> _EXERCISE_:
Reproduce the listing in full. Omit the pictures.

> _DATA EXTRACT_:

_ _ _ _ _ _ _

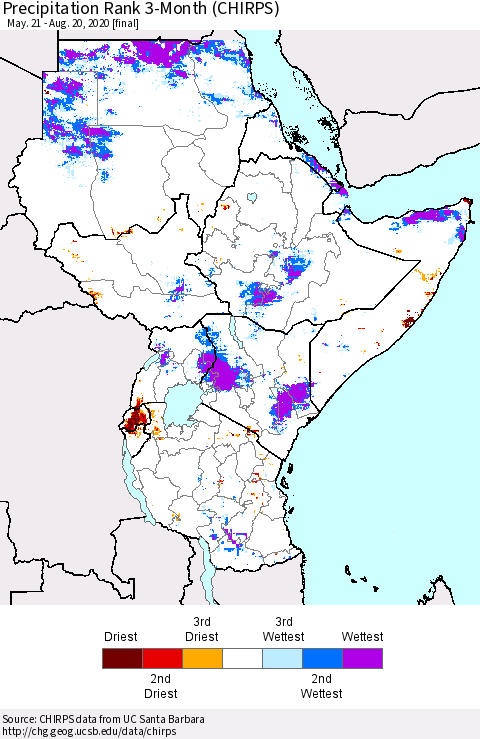 Eastern Africa Precipitation Rank 3-Month (CHIRPS) Thematic Map For 5/21/2020 - 8/20/2020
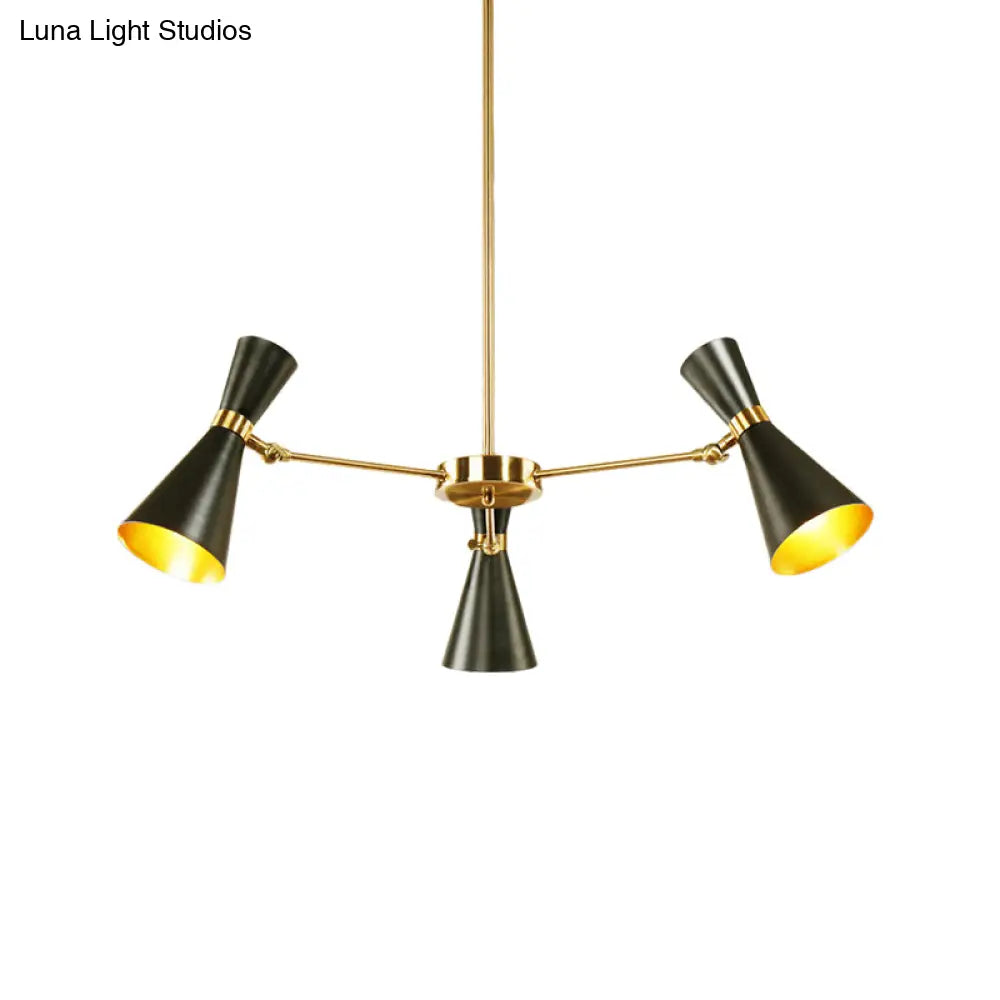 Lámpara de techo colgante moderna de hierro forjado con luces ajustables - Lámpara de techo negra para sala de estar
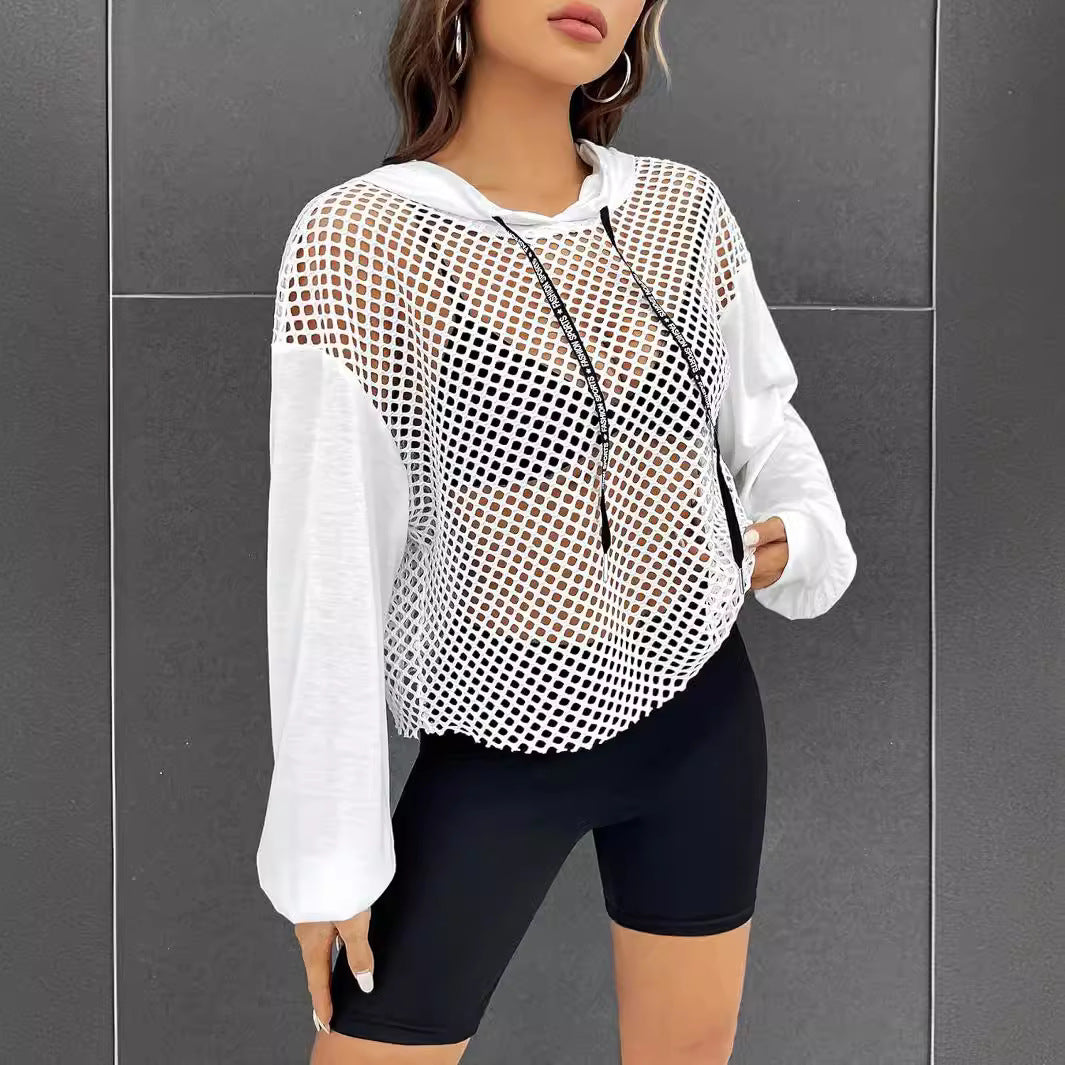 Mesh-Panel Casual Loose-Fit Sports Hoodie pour les femmes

_ _ _ _ _ _ _

> _SOLUTION TO THIS PROBLEM_:
 Eastern Africa Precipitation Rank 3-Month (CHIRPS) Thematic Map For 5/21/2020 - 8/20/2020
 Lámpara de techo colgante moderna de hierro forjado con luces ajustables - Lámpara de techo negra para sala de estar
 Mesh-Panel Casual Loose-Fit Sports Hoodie pour les femmes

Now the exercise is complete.